**Your objective**
Taking the entries below, transcribe only the lines starting with the one with "Sennelier French Artists'" and going on through the one with "a Bennett COA.", exactly as written, without the pictures.

**Given information**
/---

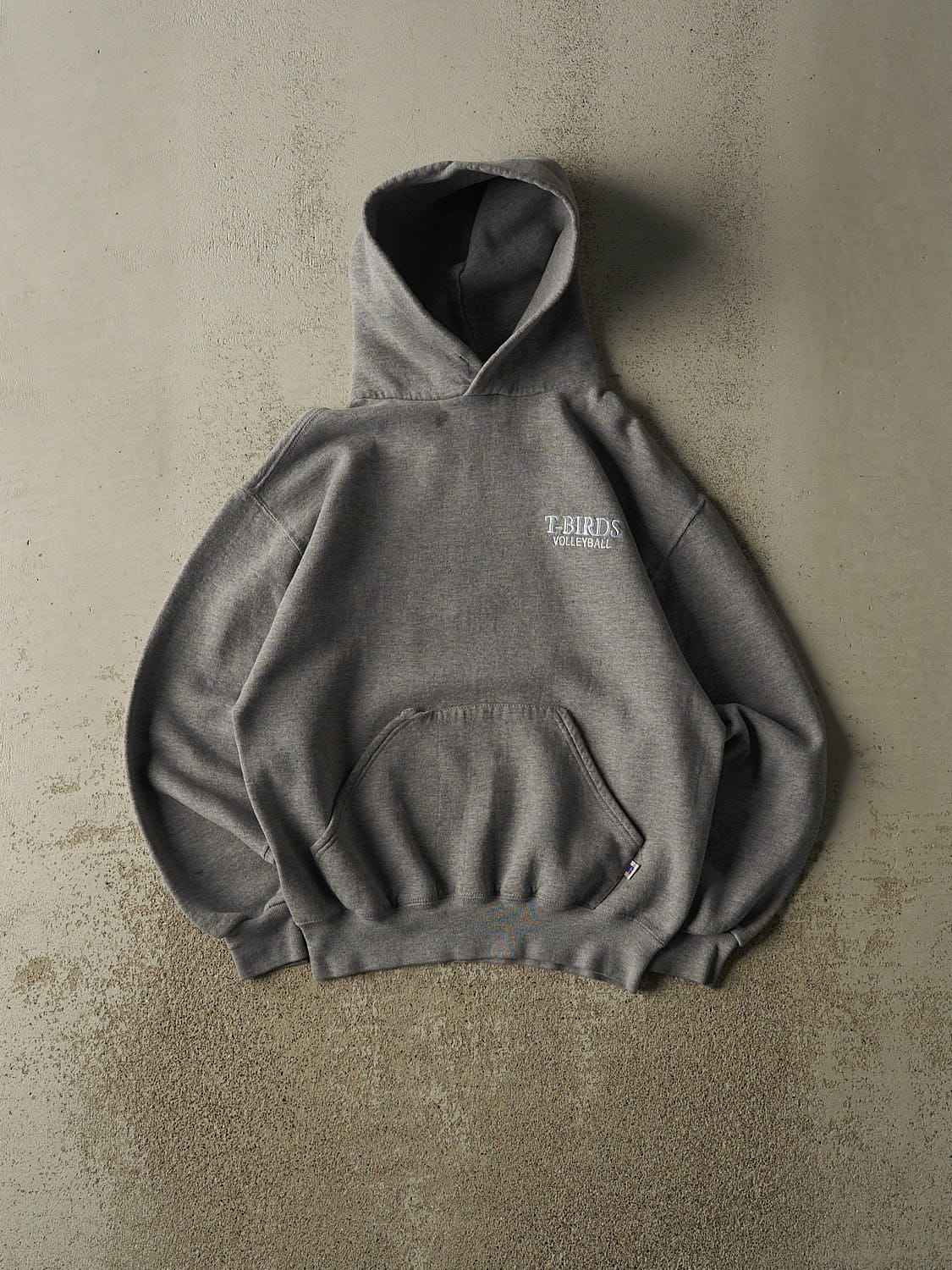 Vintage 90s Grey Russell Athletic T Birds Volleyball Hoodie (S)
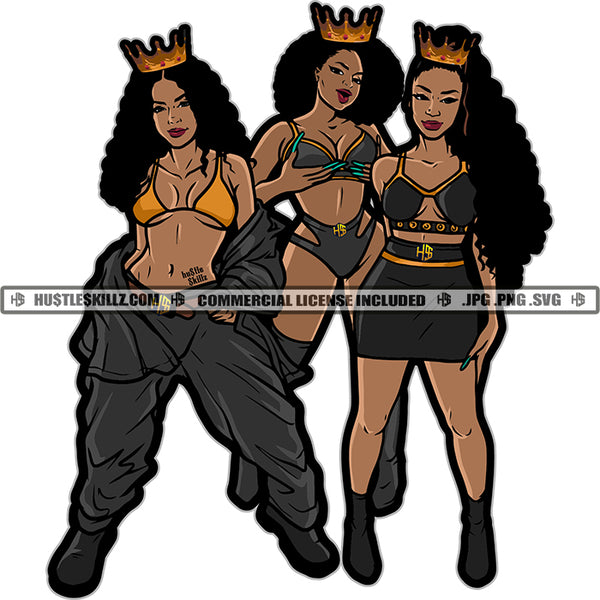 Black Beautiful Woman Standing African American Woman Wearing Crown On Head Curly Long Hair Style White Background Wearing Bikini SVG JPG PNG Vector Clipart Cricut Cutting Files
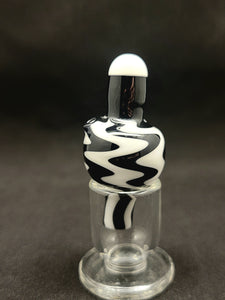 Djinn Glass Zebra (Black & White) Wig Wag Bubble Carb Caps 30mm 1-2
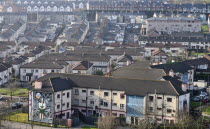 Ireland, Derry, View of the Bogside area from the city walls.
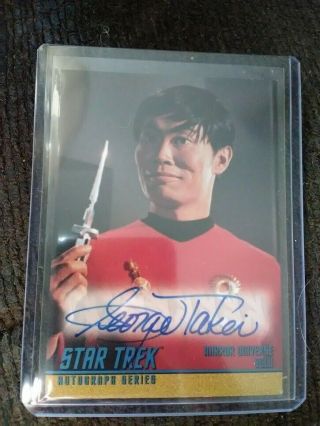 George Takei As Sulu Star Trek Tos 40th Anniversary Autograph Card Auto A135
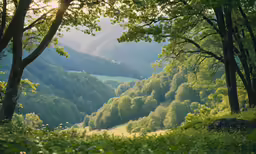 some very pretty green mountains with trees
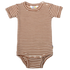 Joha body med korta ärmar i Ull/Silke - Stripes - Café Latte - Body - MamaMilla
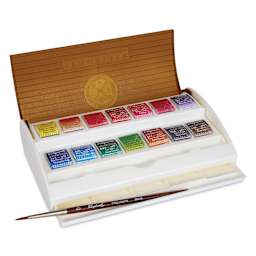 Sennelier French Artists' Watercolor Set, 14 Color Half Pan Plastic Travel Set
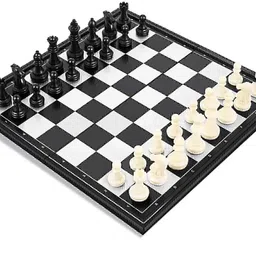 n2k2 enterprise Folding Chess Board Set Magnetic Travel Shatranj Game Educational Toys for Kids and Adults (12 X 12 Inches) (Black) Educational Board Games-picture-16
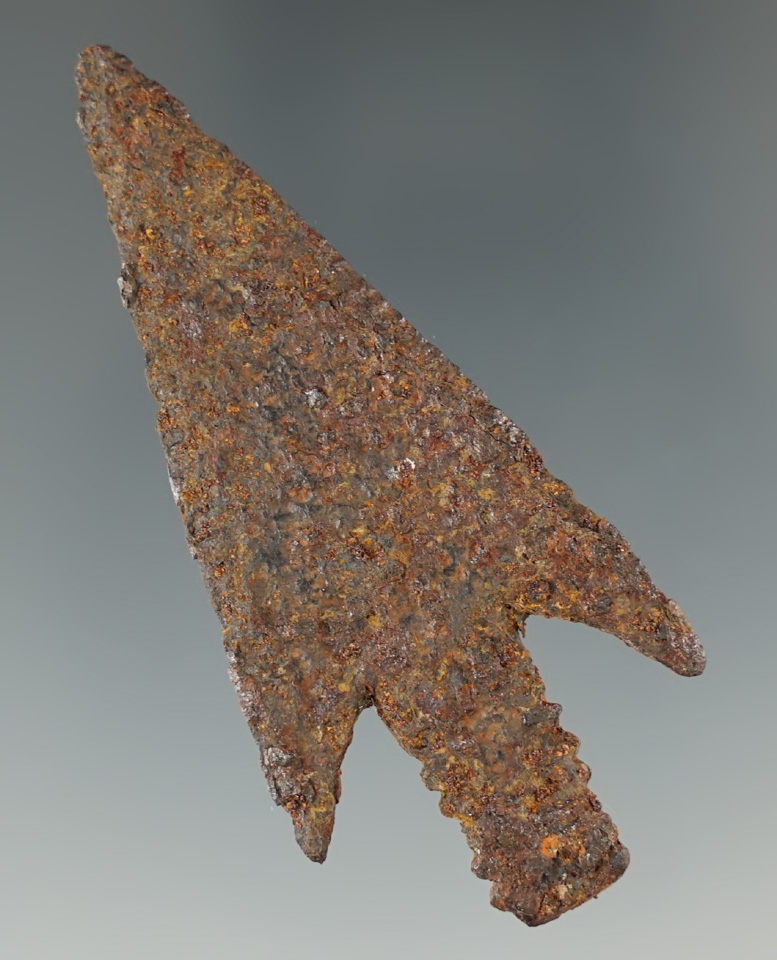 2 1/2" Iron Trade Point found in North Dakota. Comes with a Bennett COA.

\---
/---

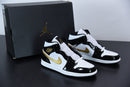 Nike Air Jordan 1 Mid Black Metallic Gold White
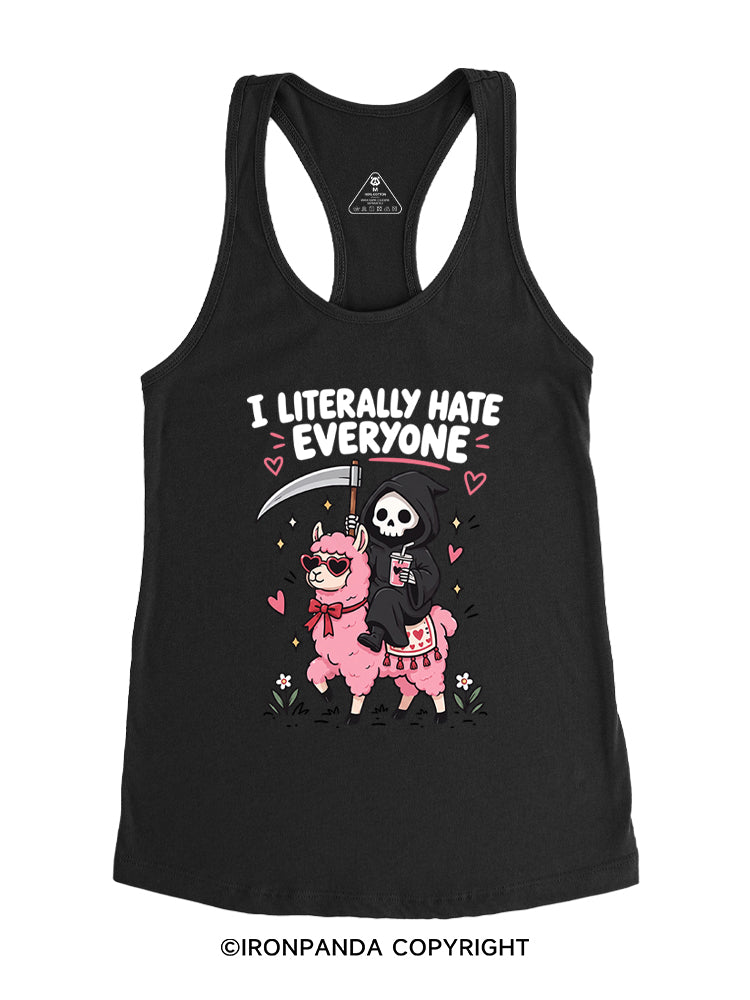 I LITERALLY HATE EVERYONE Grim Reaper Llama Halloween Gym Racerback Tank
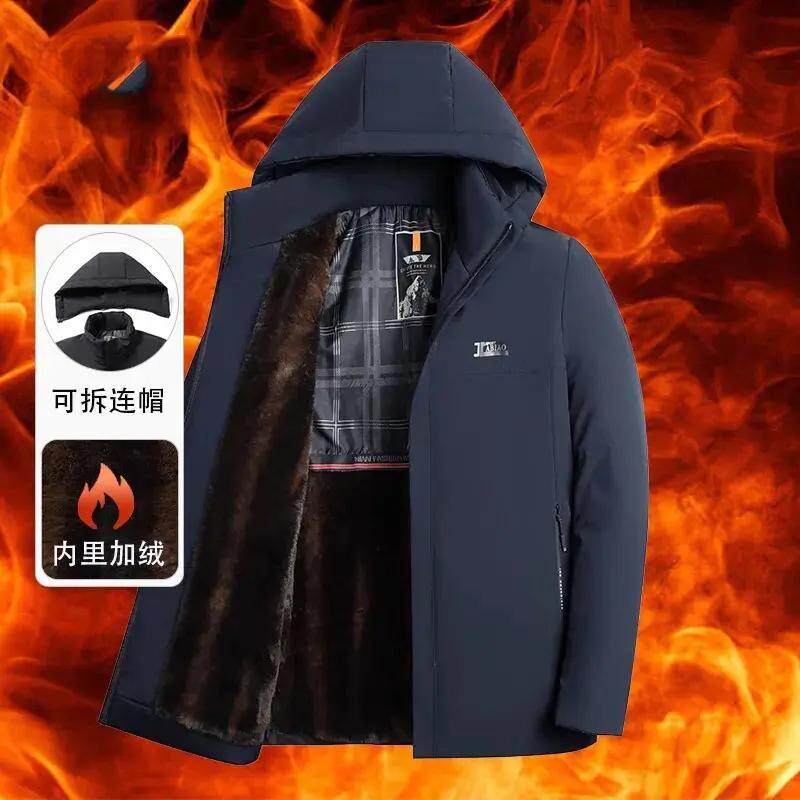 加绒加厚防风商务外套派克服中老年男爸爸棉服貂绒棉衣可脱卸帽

\---

**Solution for this problem**
 Sennelier French Artists' Watercolor Set, 14 Color Half Pan Plastic Travel Set
 n2k2 enterprise Folding Chess Board Set Magnetic Travel Shatranj Game Educational Toys for Kids and Adults (12 X 12 Inches) (Black) Educational Board Games-picture-16
 2 1/2" Iron Trade Point found in North Dakota. Comes with a Bennett COA.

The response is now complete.